A risk-on mood prevailed, with a recovery in commodity prices driving higher equity markets.  This was reflected in currency markets with most commodity currencies outperforming and safe-haven currencies underperforming but interestingly the NZD wasn’t part of this dynamic.

The Bloomberg commodity price index has rebounded 1.8% after falling 2.0% yesterday and falling through most of last week. There’s been no substantial news to drive the rally, and the same can be said for equity markets, with US markets up circa 1% and Europe up a little under that.

AUD, NOK and CAD head the leaderboard on this commodity price rally, while the NZD has weakened, again on little news. This suggests flow and trading positioning have been behind that move.

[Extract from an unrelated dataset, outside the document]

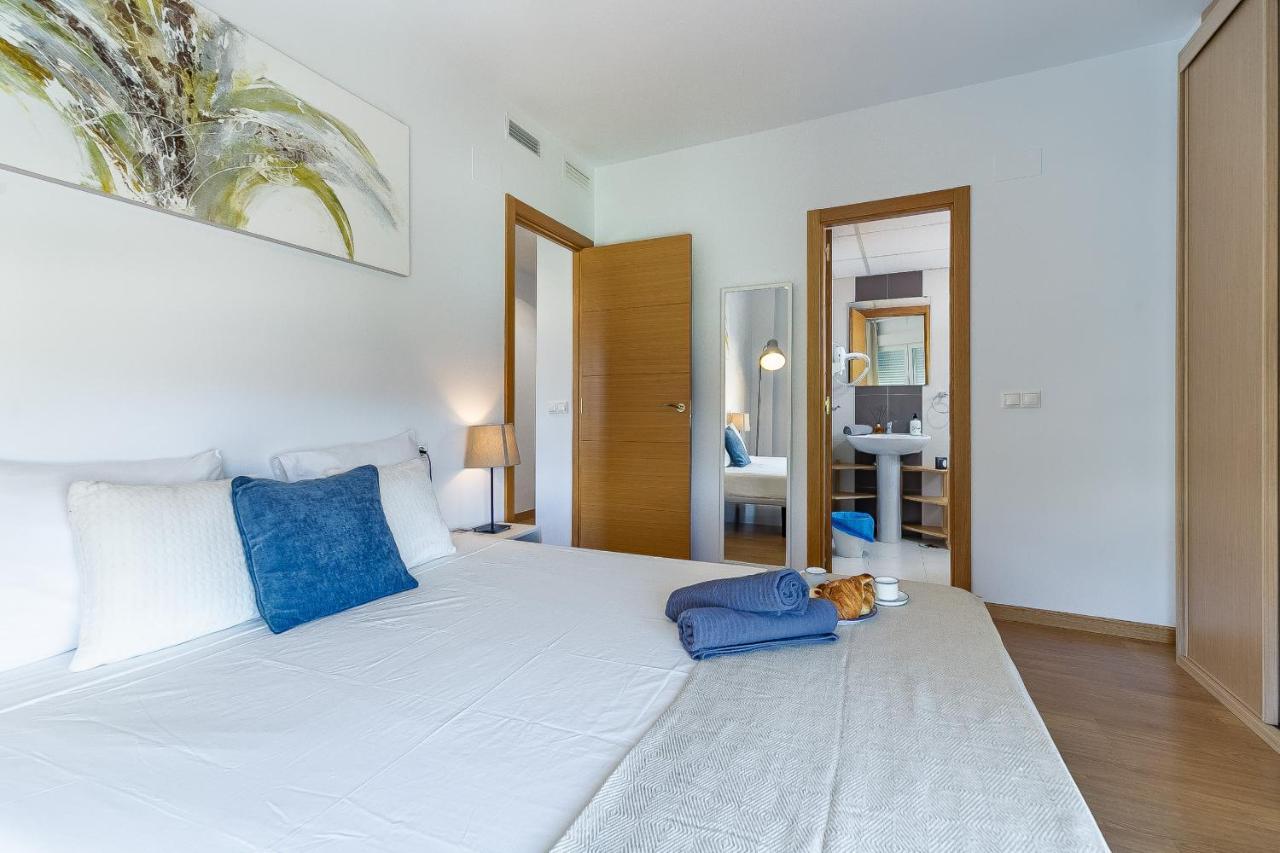 Modern Beach Apartment Valparaiso With Parking มาลากา ภายนอก รูปภาพ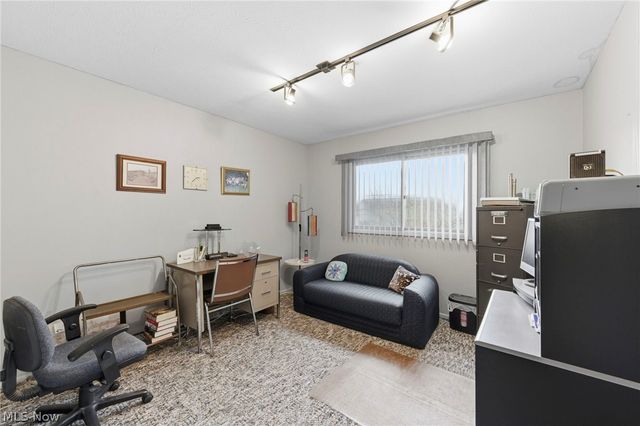 2619 S Green Road, Beachwood, OH 44122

The NZD broke out of its upward channel earlier in the week and is now largely trading sideways ahead of the RBNZ’s Financial Stability Report this morning, currently around 0.6760. 

NZD/USD fell 30pips yesterday afternoon and sustained that fall when a newswire published an interview with the Finance Minister. The suggestion was that the Bank had the macro-prudential tools available and could well use them, as the RBNZ would be concerned by the recent strength in the housing market. The market believes that any amping up of macro-prudential policy could provide more room for OCR cuts.

With the AUD up 0.6% to around 0.7360, NZD/AUD has fallen to 0.9185, unwinding some of the sharp gain to 0.93 late last week.

The USD continues to edge higher, rising for the sixth consecutive day on the DXY index, albeit just over 0.1% for the past 24 hours. We noted yesterday that the recent bounce off its lows has little to do with monetary policy expectations and more a reflection of traders taking a more positive stance after the currency looked oversold.

The yen has continued to weaken, with USD/JPY up 0.9% to 109.25, a nice recovery after trading as low as 105.55 a week ago. The move over the past day has nothing to do with the daily verbal “intervention” by Japanese officials and more likely reflects the risk-on mood, with the Swiss Franc also underperforming.

GBP and EUR are little changed against the USD. GBP is slightly better bid as the trade deficit wasn’t as large as expected, although the 8-year high in the deficit for the March quarter was certainly nothing to brag about.